*** Opening of DATA SECTION ***
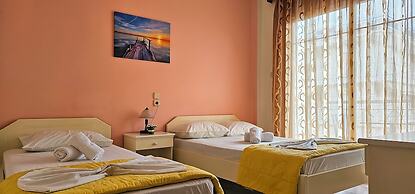 Chariclia Hotel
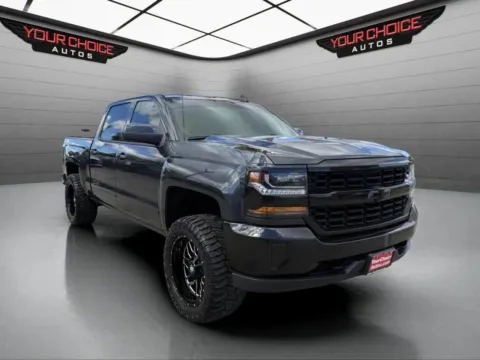 Another view of 2017 Chevrolet Silverado 1500 LT for sale in Waukegan, IL at Your Choice Autos - Waukegan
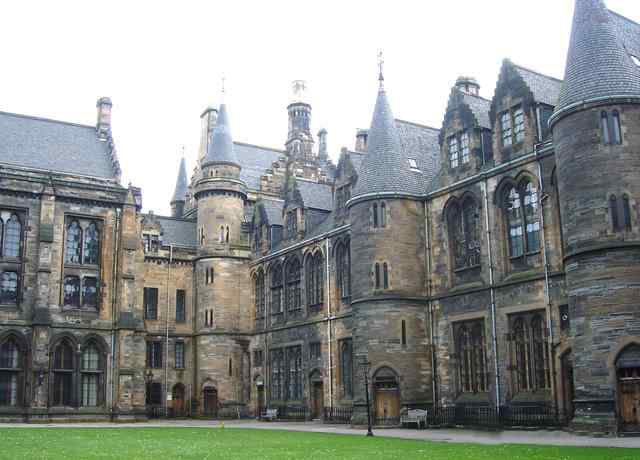 英国赫特福德大学 赫特福德大学相当于中国什么等级的大学？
*** Close of DATA SECTION ***
## ABOUT THIS TASK
Would you copy out every line of the data above exactly, minus the pictures?

## SOLUTION FOR THIS PROBLEM
 Chariclia Hotel
 Another view of 2017 Chevrolet Silverado 1500 LT for sale in Waukegan, IL at Your Choice Autos - Waukegan
 英国赫特福德大学 赫特福德大学相当于中国什么等级的大学？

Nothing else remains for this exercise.